Assumption of Risk
The parties can enter into a written agreement absolving the defendant from any obligation of care for the benefit of the plaintiff and liability for the consequence of conduct that would otherwise constitute negligence. In the ordinary case, public policy does not prevent the parties from contracting in regard to whether the plaintiff will be responsible for the maintenance of personal safety. A person who enters into a lease or rents an animal, or enters into a variety of similar relations entailing free and open bargaining between the parties, can assent to relieving the defendant of the obligation to take precautions and thereby render the defendant free from liability for negligence.
The courts have refused to uphold such agreements, however, if one party possesses a patent disadvantage in bargaining power. For example, a contract exempting an employer from all liability for negligence toward employees is void as against public policy. A carrier transporting cargo or passengers for hire cannot evade its public responsibility in this manner, even though the agreement limits recovery to an amount less than the probable damages. The contract has been upheld, however, when it represents a realistic attempt to assess a value as liquidated or ascertained damages in advance, and the carrier graduates its rates in accordance with such value, so that complete protection would be available to the plaintiff upon paying a higher rate. The same principles apply to innkeepers, public warehousemen, and other professional bailees—such as garage, parking lot, and check-room attendants—on the basis that the indispensable necessity for their services deprives the customer of all meaningful equal bargaining power.

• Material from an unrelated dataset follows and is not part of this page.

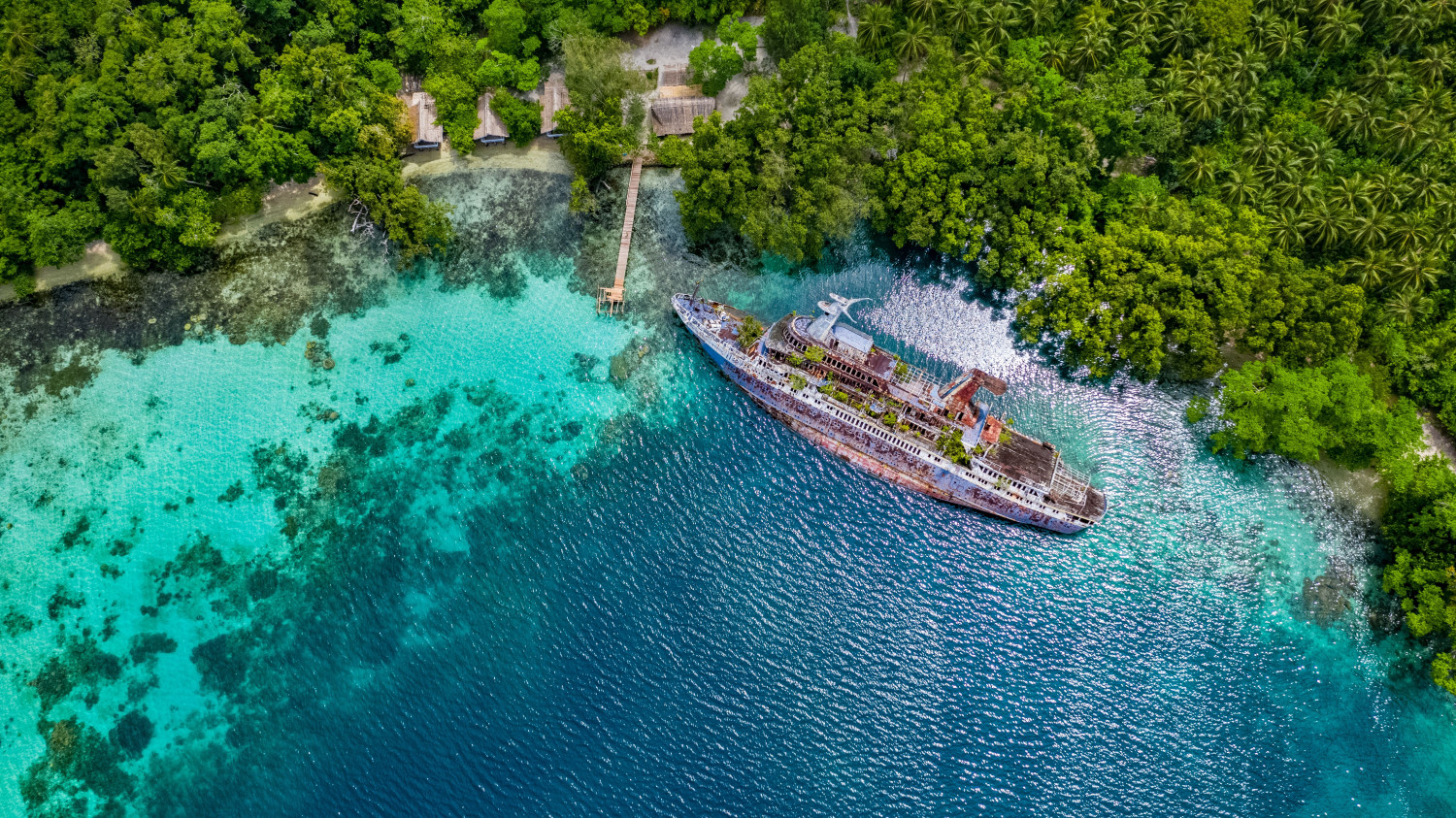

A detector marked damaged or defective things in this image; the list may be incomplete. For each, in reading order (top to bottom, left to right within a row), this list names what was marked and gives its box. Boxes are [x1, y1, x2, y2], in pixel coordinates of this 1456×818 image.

rusty ship hull [670, 292, 1101, 536]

An express agreement can relieve the defendant from liability for negligence only if the plaintiff comprehends its terms. If the plaintiff is not cognizant of the provision in his or her contract, and a reasonable person in the same position would not have known of it, it is not binding upon the individual, and the agreement fails for lack of mutual assent. The expressed terms of the agreement must apply to the particular misconduct of the defendant. Such contracts generally do not encompass gross, willful, wanton, or reckless negligence or any conduct that constitutes an intentional TORT.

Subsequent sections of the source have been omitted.